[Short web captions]

=== Begin Enclosure ===

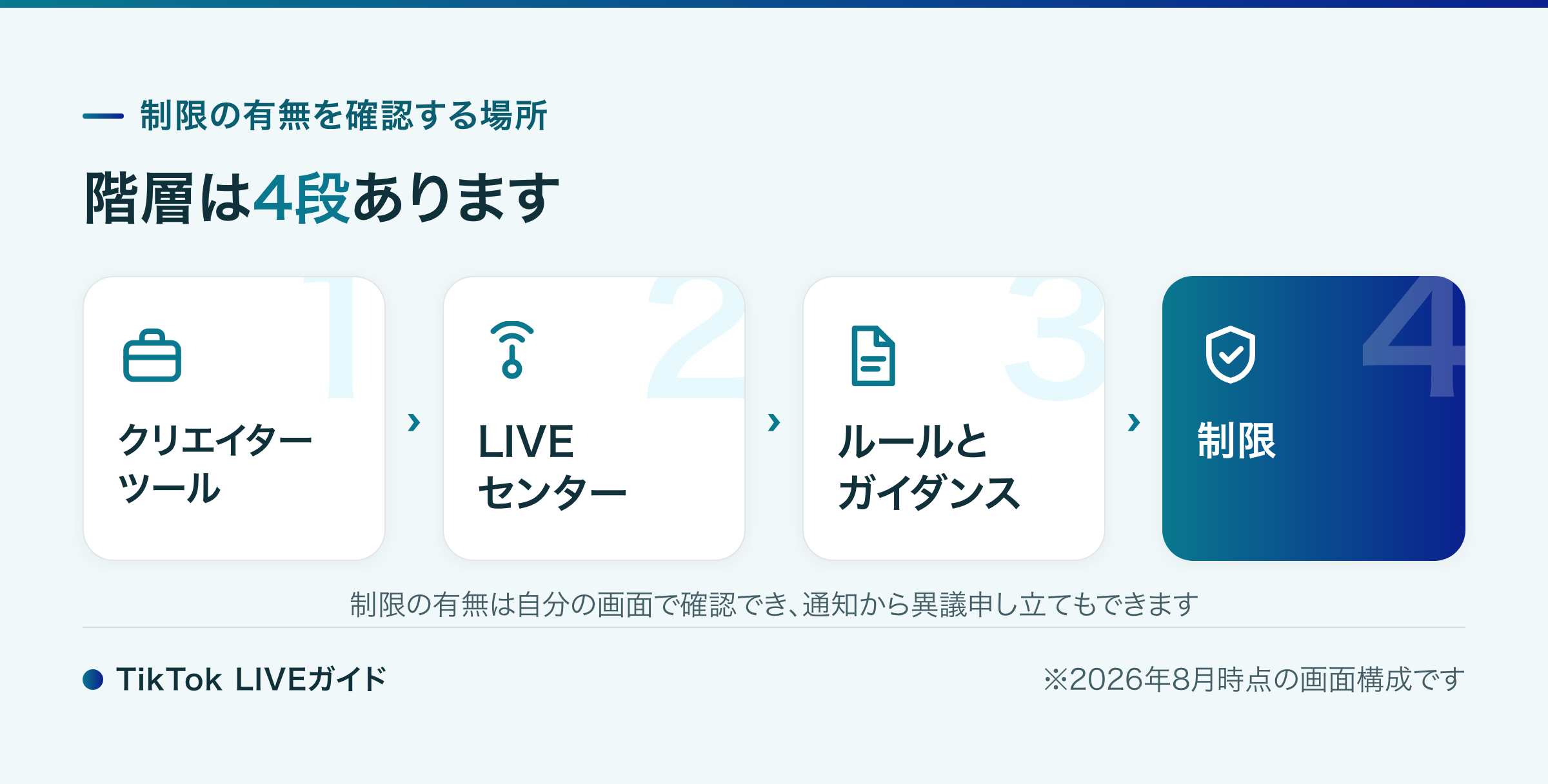 TikTok 換金できないときの確認場所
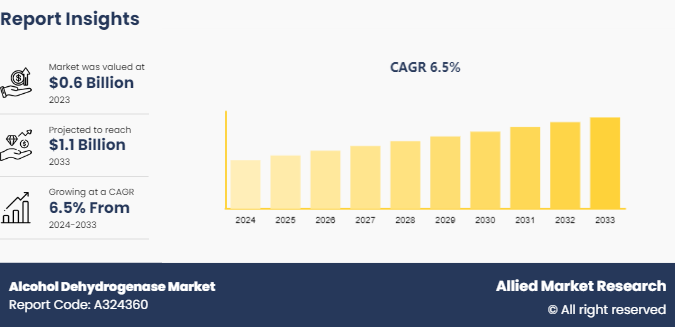 Alcohol Dehydrogenase Market 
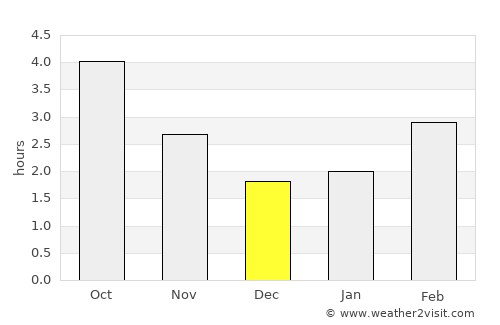 Southwater average rain in December
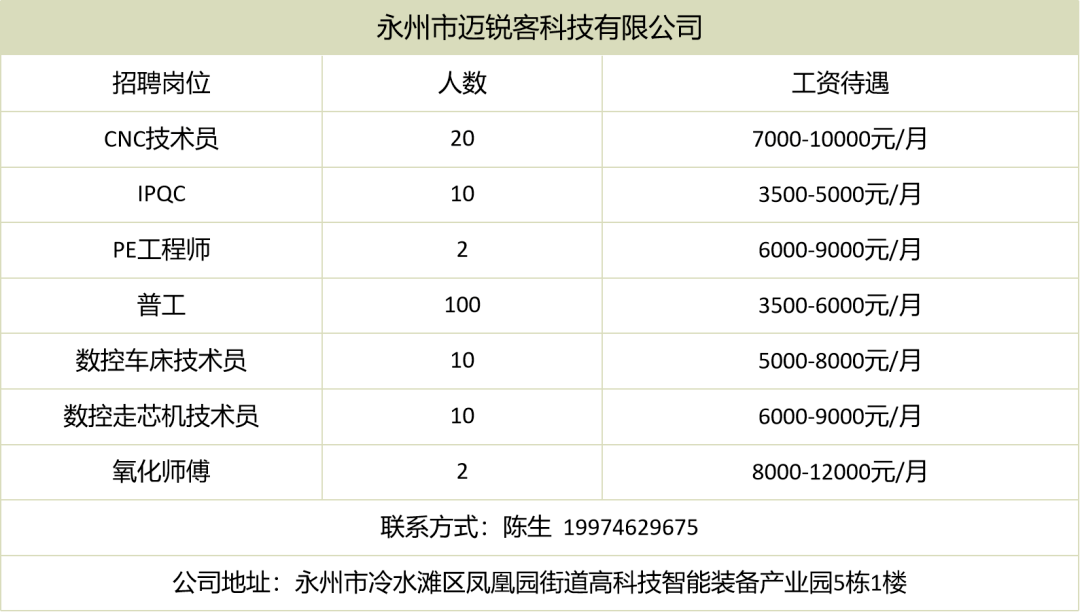 青白江地区58同城最新职位汇总，热招岗位不容错过！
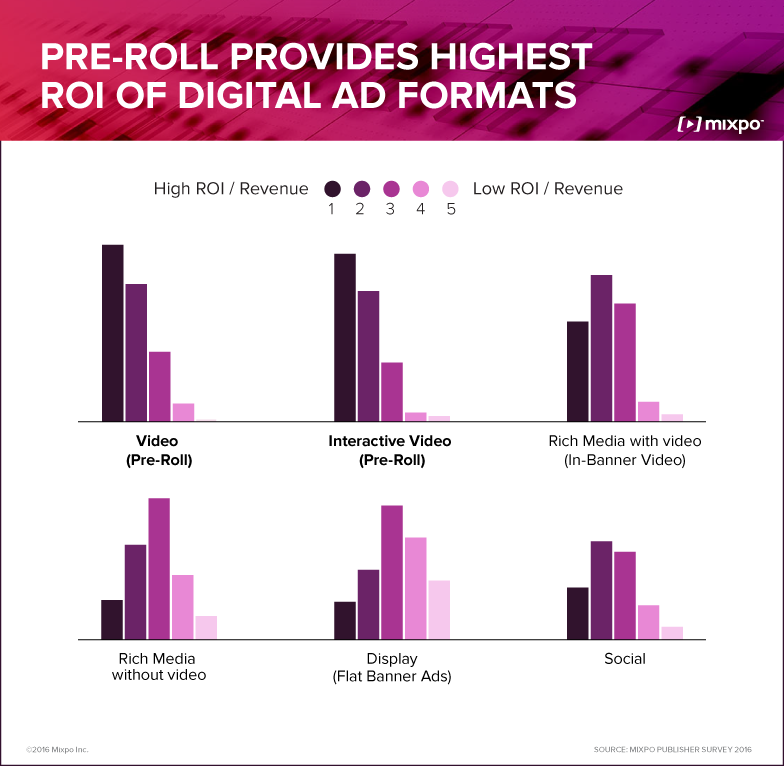 For publishers, pre-roll provides highest ROI of digital ad formats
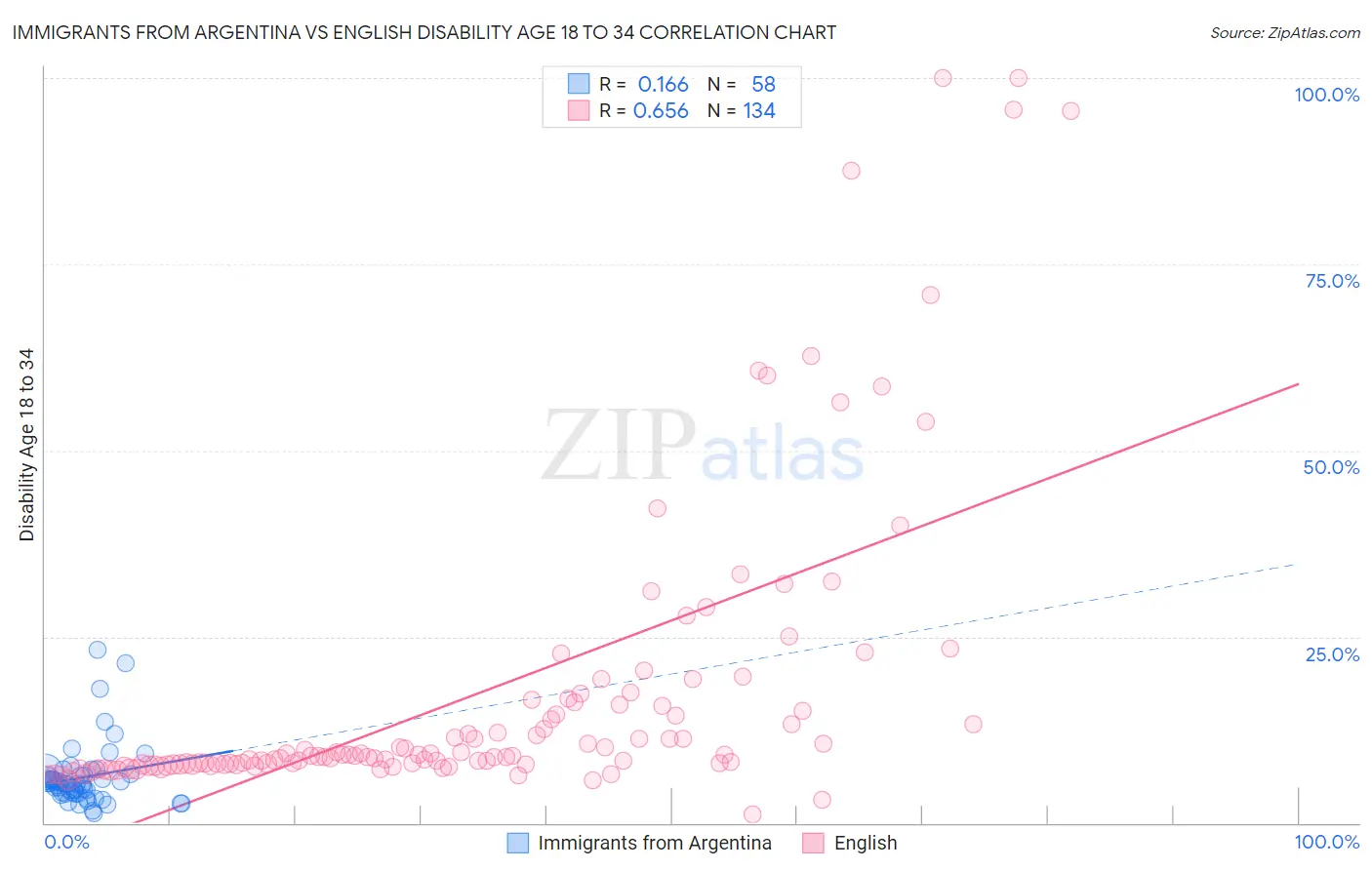 Immigrants from Argentina vs English Disability Age 18 to 34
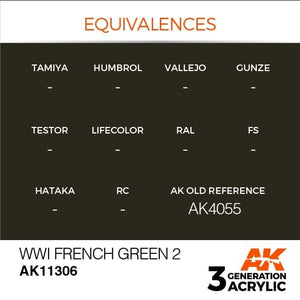 AK Interactive AK11306 WWI French Green 2 17ml – immagine 3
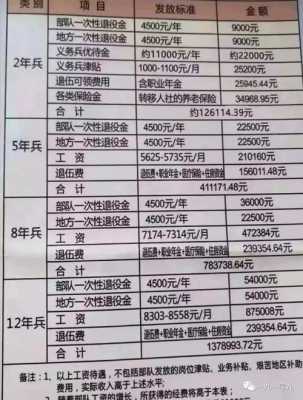 最新士官病退条件（2020年士官病退待遇最新规定）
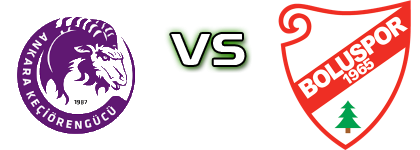 Ankara Keçiörengücü U19 - Boluspor Detalji meca I statistika.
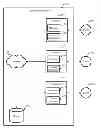 Fig. 01 - DISTRIBUTING TRANSCODING TASKS ACROSS A DYNAMIC SET OF RESOURCES USING A QUEUE RESPONSIVE TO RESTRICTION-INCLUSIVE QUERIES
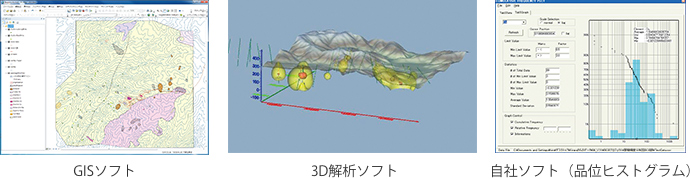 GISソフト、3D解析ソフト、自社ソフト（品位ヒストグラム）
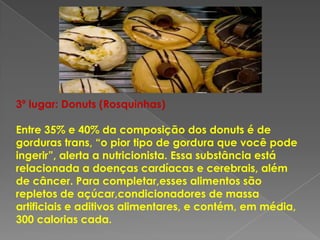 3º lugar: Donuts (Rosquinhas)

Entre 35% e 40% da composição dos donuts é de
gorduras trans, “o pior tipo de gordura que você pode
ingerir”, alerta a nutricionista. Essa substância está
relacionada a doenças cardíacas e cerebrais, além
de câncer. Para completar,esses alimentos são
repletos de açúcar,condicionadores de massa
artificiais e aditivos alimentares, e contém, em média,
300 calorias cada.
 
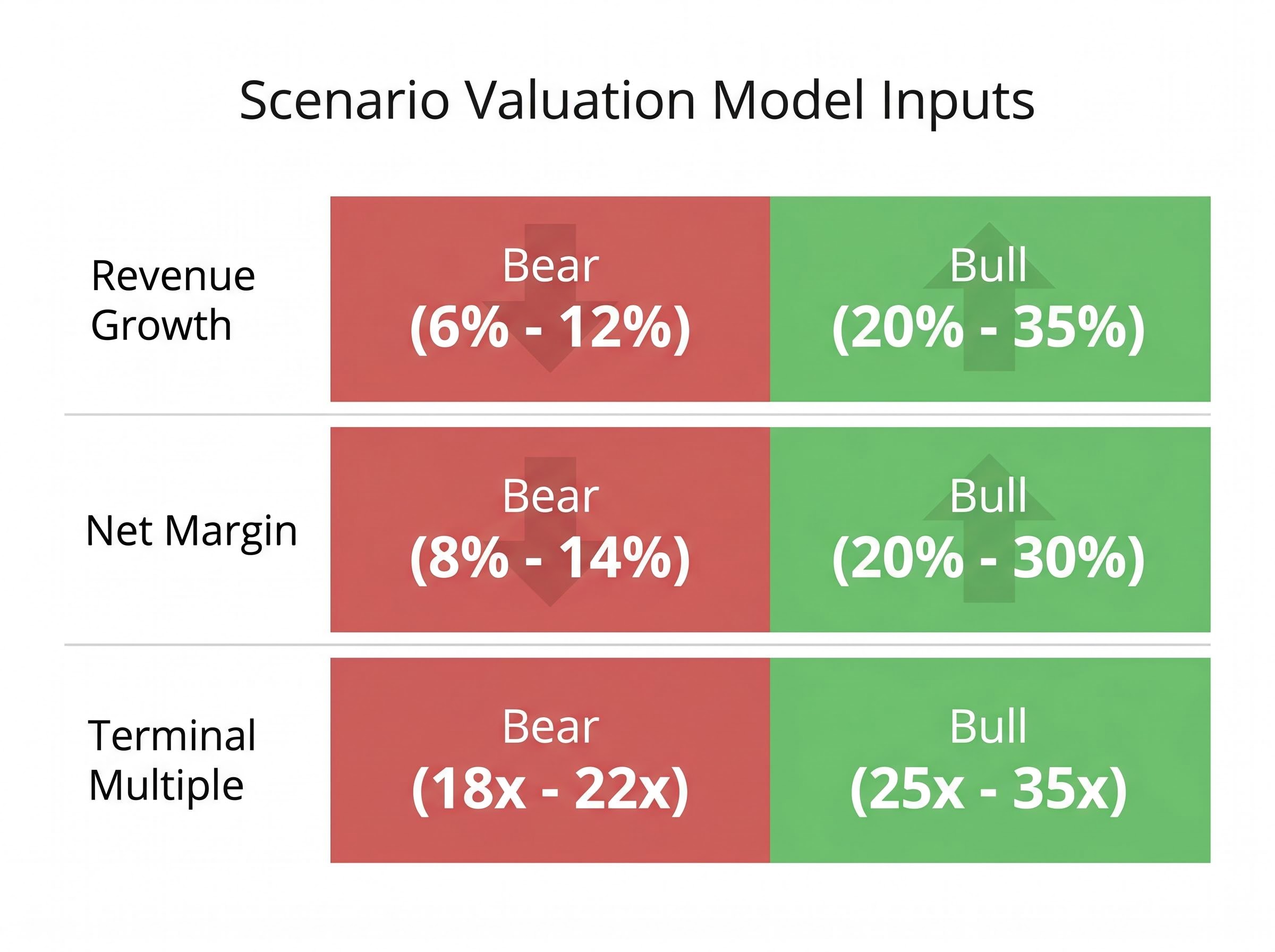 Bear vs. Bull: The Three Valuation Variables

=== End Enclosure ===

= Aim of the exercise =
Write out each entry above once more, exactly as written, and drop the pictures.

= Your solution =
 TikTok 換金できないときの確認場所
 Alcohol Dehydrogenase Market 
 Southwater average rain in December
 青白江地区58同城最新职位汇总，热招岗位不容错过！
 For publishers, pre-roll provides highest ROI of digital ad formats
 Immigrants from Argentina vs English Disability Age 18 to 34
 AK Interactive AK11306 WWI French Green 2 17ml – immagine 3
 最新士官病退条件（2020年士官病退待遇最新规定）
 Ankara Keçiörengücü U19 - Boluspor Detalji meca I statistika.
 Fig. 01 - DISTRIBUTING TRANSCODING TASKS ACROSS A DYNAMIC SET OF RESOURCES USING A QUEUE RESPONSIVE TO RESTRICTION-INCLUSIVE QUERIES
 GISソフト、3D解析ソフト、自社ソフト（品位ヒストグラム）
 3º lugar: Donuts (Rosquinhas)

Entre 35% e 40% da composição dos donuts é de
gorduras trans, “o pior tipo de gordura que você pode
ingerir”, alerta a nutricionista. Essa substância está
relacionada a doenças cardíacas e cerebrais, além
de câncer. Para completar,esses alimentos são
repletos de açúcar,condicionadores de massa
artificiais e aditivos alimentares, e contém, em média,
300 calorias cada.
 
 Bear vs. Bull: The Three Valuation Variables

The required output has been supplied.